The Improvement Paradox – Too Busy To Improve?

A bad system will beat a good person every time.
– W. Edwards Deming.
I believe that everyone does their best given the context and environment at hand. I subscribe to Deming’s views that it is the organisation as a system, not the people working in the system that determines the organisation’s performance. The other view is that the people, not the process or the organistation, is the source of low performance.
Due to the inherent complexity and variability of product development it is often difficult that the scope, details, or effort commitments estimates are certain. When things fall behind schedule (or finish ahead of schedule for that matter), it assumes that the original plan was correct in the first place, but this is often not the case. Plans often over-simplify the complexity of human interactions and creativity. Many of the challenges faced by teams today isn’t necessarily related to technology but can be described as a social problem – product development teams is a complex adaptive system that requires collaborative actions and shows complex behaviour as it adapts in and evolves with a changing environment.
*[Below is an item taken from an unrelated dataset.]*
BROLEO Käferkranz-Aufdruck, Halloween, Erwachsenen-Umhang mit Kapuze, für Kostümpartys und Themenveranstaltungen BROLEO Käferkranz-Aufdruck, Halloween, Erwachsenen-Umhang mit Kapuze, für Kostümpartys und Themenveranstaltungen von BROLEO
So when there is a performance gap (actual performance vs desired/planned performance), there are generally 3 options that are considered:
- Add more people (or resources)
- Work harder
- Improve performance
Option One of adding additional people may make things later as described in The Mythical Man-Month Is Not A Myth. This option is also has budgetary and financial constraints and managers are reluctant to go down this path.
So when there is a performance gap, there is pressure for managers to close this gap to meet the original commitments by pressuring people to spend more time and energy doing work by working harder often in the form of overtime (Option Two). This is played for an apparent short-term win. This quick-fix reaction results in shortcuts which have a relatively long-delayed and indirect impact – it may be sometime before the decline in performance or capability is known. This is one way how technical debt occurs and requires more effort to maintain a level of performance. This technical debt often never gets rectified as managers deal with the next performance gap problem, and things get worse reinforcing the downward spiral. This option is a popular strategy as it solves today’s problems and meets the immediate KPIs.
The Third Option is improve performance through investment in training, applying agile and lean-thinking strategy of removing waste to improve the flow of value and experimenting with new ideas. Time spent on improving the capability of a process typically yields the more enduring change 1. An hour spent working produces an extra hour’s worth of output, while an hour spent on improvement may improve the productivity of every subsequent hour dedicated to product development.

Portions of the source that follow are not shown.